* **WORK INSTRUCTION**
Transcribe the data that follows in full. Leave out the pictures.

* **SUPPLIED INFORMATION**
========

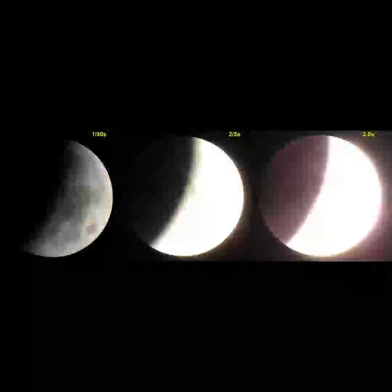the more that other wavelengths of light will be removed compared to red light, leaving the resulting light a deeper red color. This causes the resulting coppery-red hue of the Moon to vary from one eclipse to the next.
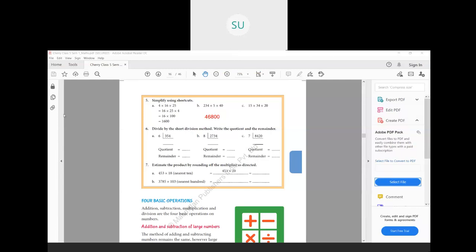Next: 15 into 34 into 20. First multiply 15 into 20 — 15 times 2 is 30, add the zero from 20 to get 300. Then multiply 300 by 34: multiply 3 with 34 to get 102, then add the two zeros from 300, giving 10,200. This is how you simplify and multiply using shortcuts.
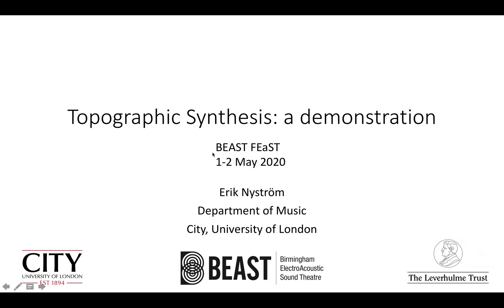This is a demonstration of topographic synthesis for Beast Feast 2020. I'm Erik Nyström from the Department of Music at City University of London. This research was undertaken whilst I was an early career fellow at Beast at the University of Birmingham.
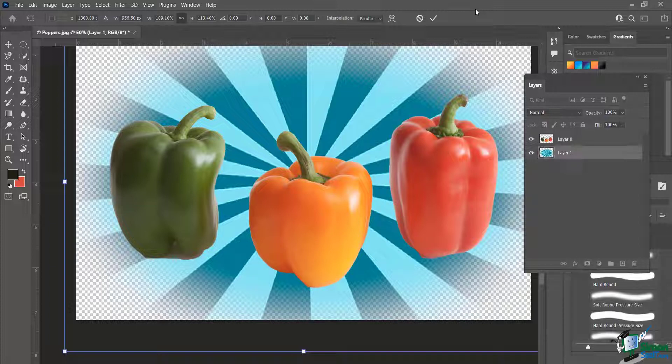So that's a few different examples of using inverse selection, plus the added bonus of working with feathering when selecting. In future classes we're going to talk about masking, which is a different type of selection or inverse selection — it has less of a permanent impact on what you delete. We'll get into that in the future, but in the meantime practice this and see different examples of how you might use it.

========

* **EXERCISE SOLUTION**
the more that other wavelengths of light will be removed compared to red light, leaving the resulting light a deeper red color. This causes the resulting coppery-red hue of the Moon to vary from one eclipse to the next.
Next: 15 into 34 into 20. First multiply 15 into 20 — 15 times 2 is 30, add the zero from 20 to get 300. Then multiply 300 by 34: multiply 3 with 34 to get 102, then add the two zeros from 300, giving 10,200. This is how you simplify and multiply using shortcuts.
This is a demonstration of topographic synthesis for Beast Feast 2020. I'm Erik Nyström from the Department of Music at City University of London. This research was undertaken whilst I was an early career fellow at Beast at the University of Birmingham.
So that's a few different examples of using inverse selection, plus the added bonus of working with feathering when selecting. In future classes we're going to talk about masking, which is a different type of selection or inverse selection — it has less of a permanent impact on what you delete. We'll get into that in the future, but in the meantime practice this and see different examples of how you might use it.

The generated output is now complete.